Uno de los mayores racismos del amor es comprobar como, cuando la pareja se va al garete, uno de ellos se va haciendo famélico mientras la otra mitad hasta engorda; y ante eso no hay gobierno, ONG o asociación de vecinos que se levante en armas. Y esto lo digo porque de vuelta a casa, esta misma tarde y cuando vagabundeaba sin saber el destino, encontré a un conocido, extranjero además de recién divorciado, de la mano de una nativa de medidas provechosas; tres días antes me crucé con su ex, también occidental, que parecía ir de luto perpetuo mientras paseaba al perro: una herencia perversa cuando ni siquiera dio a luz. Por eso lo de los puticlubs.

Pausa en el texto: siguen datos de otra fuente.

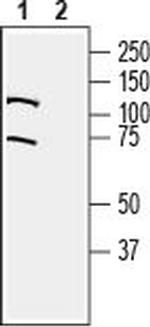 LRRC8A (extracellular) Antibody in Western Blot (WB)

Porque sin necesidad de tener que tumbarte en el diván de un colgado que querrá pagarse una letra de la hipoteca de su mansión en Ginebra con tu visita, puedes pasar desapercibido mientras bebes y te halagan. Aunque este último asunto sea absolutamente fake.

 

Puticlubs, o bares de carretera, por qué os necesitaré tanto. Y por qué no habrá guía que se precie, donde incluyo (insulto) a la amanerada Lonely Planet que no es capaz de darle un suficiente a ninguno de esos templos de la soledad. Porque hoy, y mientras rumiaba esta crónica de vida, me detuve a tomar una BeerLao en el Apple, un rotundo bar de chicas de compañía que ya te atiende a las cuatro de la tarde, cuando las cervezas subieron a cuatro en una soledad perfecta: una de las muchachas limpiaba, la otra rememoraba la caja de la noche anterior removiendo papeles mientras me sonreía, y la tercera me atendía mientras ponía mucho más interés en su teléfono móvil. Y aprovechándome del vacío de poder, golpe de Estado: puse veintitrés veces seguidas ‘I dreamed a dream’ de Sonic Youth, un grupo del que nunca tuve un mísero cedé y al que acudí en contadísimas ocasiones al baúl de mis recuerdos. Pues bien, en aquel puticlub diurno, donde se escuchaba el refregar de la fregona en las baldosas cuando olerse no se olía nada bueno, pillé otro número para el psiquiatra, por aquella propulsión de la misma canción. Una y otra vez. Y aunque parezca mentira, nadie me llamó la atención. Y de vez en cuando, entre trago y trago de la ya famosa cerveza laosiana, unos cuantos párrafos de Colegiala, un libro de relatos de Osamu Dazai, otro japonés al que le deberían gustar este tipo de bares, en sí bibliotecas con botelleros. Sobre todo si te llevas el libro de casa.

 

 

Joaquín Campos, 10/09/15, Phnom Penh.